Italians experienced discrimination like other groups, but the forces of oppression generally seemed to pull their punches. During the Second World War, Italians were put in internment camps and spied upon. All at a much smaller scale than those of Japanese descent.
The same happened to Germans during the war, as it had happened to them during the First World War. Germans make up the one of the largest white ethnic groups in the country. In response to the outbreak of war with Germany, there was an effort to Americanize things, like changing the pronunciation of the city of New Berlin, calling sauerkraut victory cabbage, or changing the names of buildings. Das Deutsch Haus in Indianapolis renamed The Athenaeum.
Today, it is home to The Rathskeller, a German restaurant. Originally, it was a hub of social activity for the local German community. Kurt Vonnegut’s grandfather's architecture firm designed both wings of it.
Two Italian anarchists, Nicola Sacco and Bartolomeo Vanzetti were put on trial and executed for their alleged role in the murders and robbery of a shoe factory paymaster and a guard. Evidence of wrongdoing was mostly circumstantial.
“There was plenty of reason to doubt that Sacco and Vanzetti had actually committed the crimes. The money was never recovered and neither suspect had a criminal record. Plus, another known criminal confessed to the crime. But, despite seven appeals, their request for new trial was rejected in October of 1926, and the two were sentenced to death in April of 1927. Temkin notes that it’s impossible to say for sure a century later, but that the idea that they were behind the murders just doesn’t line up.” - Sacco and Vanzetti Were Executed 90 Years Ago. Their Deaths Made History by Olivia B. Waxman for Time.
Though there was some later ballistics evidence that suggested the bullet was fired from Sacco’s gun, there doesn’t seem to be a consensus on that.
After their final appeal was rejected, Vanzetti was quoted in the New York World.

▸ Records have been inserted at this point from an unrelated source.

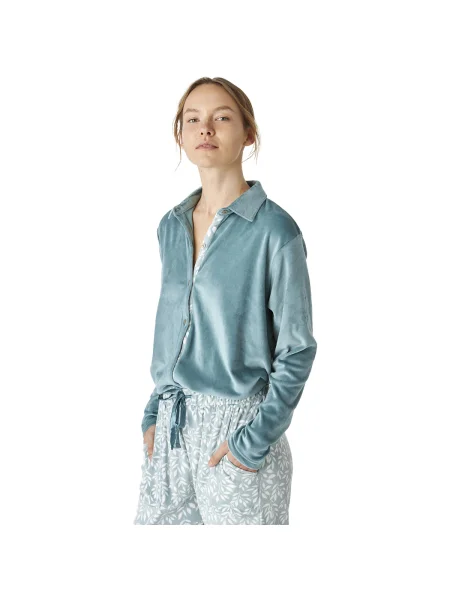 Pijamale J&j Brothers albastru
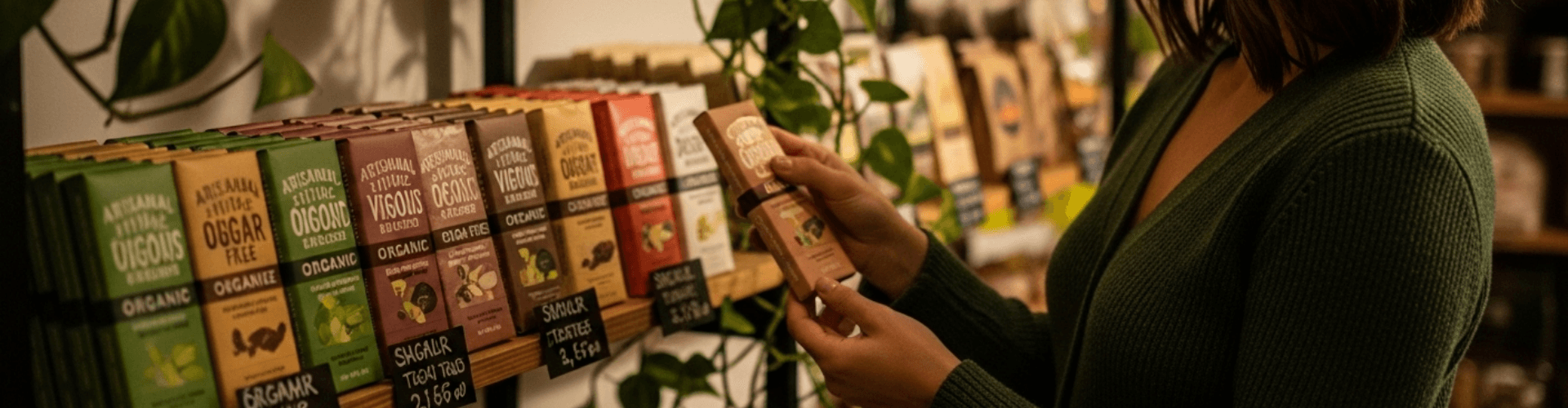 Healthy Chocolate in Michigan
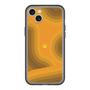 スリムプロテクションプレミアムケース［ CASEPLAY Winding Pattern - Orange ］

“If it had not been for these thing[s], I might have live[d] out my life, talking at street corners to scorning men. I might have die[d], unmarked, unknown, a failure. Now we are not a failure. This is our career and our triumph. Never in our full life can we hope to do such work for tolerance, for justice, for man’s understanding of man as we now do by dying. Our words, our lives, our pains — nothing! The taking of our lives — lives of a good shoemaker and a poor fish peddler — all! That last moment belongs to us — that agony is our triumph.”
The government intended to make an example of Sacco and Vanzetti, much like they did later with Julius and Ethel Rosenberg.
The Rosenbergs were given an opportunity to save their lives by turning in others, but they refused. A notable thing, because Ethel’s own brother had testified against her to save his life and that of his wife. While Ethel was a communist, there was no evidence to support her engaging in espionage; it was assumed she was the ringleader because she was older than her husband.
“By asking us to repudiate the truth of our innocence, the government admits its own doubts concerning our guilt… we will not be coerced, even under pain of death, to bear false witness,” said the Rosenbergs in a public statement.
Declassified documents did show that Julius had been a spy for the USSR, but he had not done what he had been accused of: passing on atomic secrets. Julius was a small fish in the grand scheme of things, but an example had to be made. Anti-communism sentiment was at an all-time high, and that’s why the Rosenbergs were slated for execution.
These are some of the many stains on American History: miscarriages of justice made all the more shameful by the behavior of those with an ethnicity or culture in common with those executed. They are content to let such wrongs happen again and again rather than prevent such injustice from befalling others. Never again should mean never again for everyone. Until we can rise above our own selfishness and unite with all oppressed people, these historical moments will recur over and over again. First as tragedy, subsequent times as farce.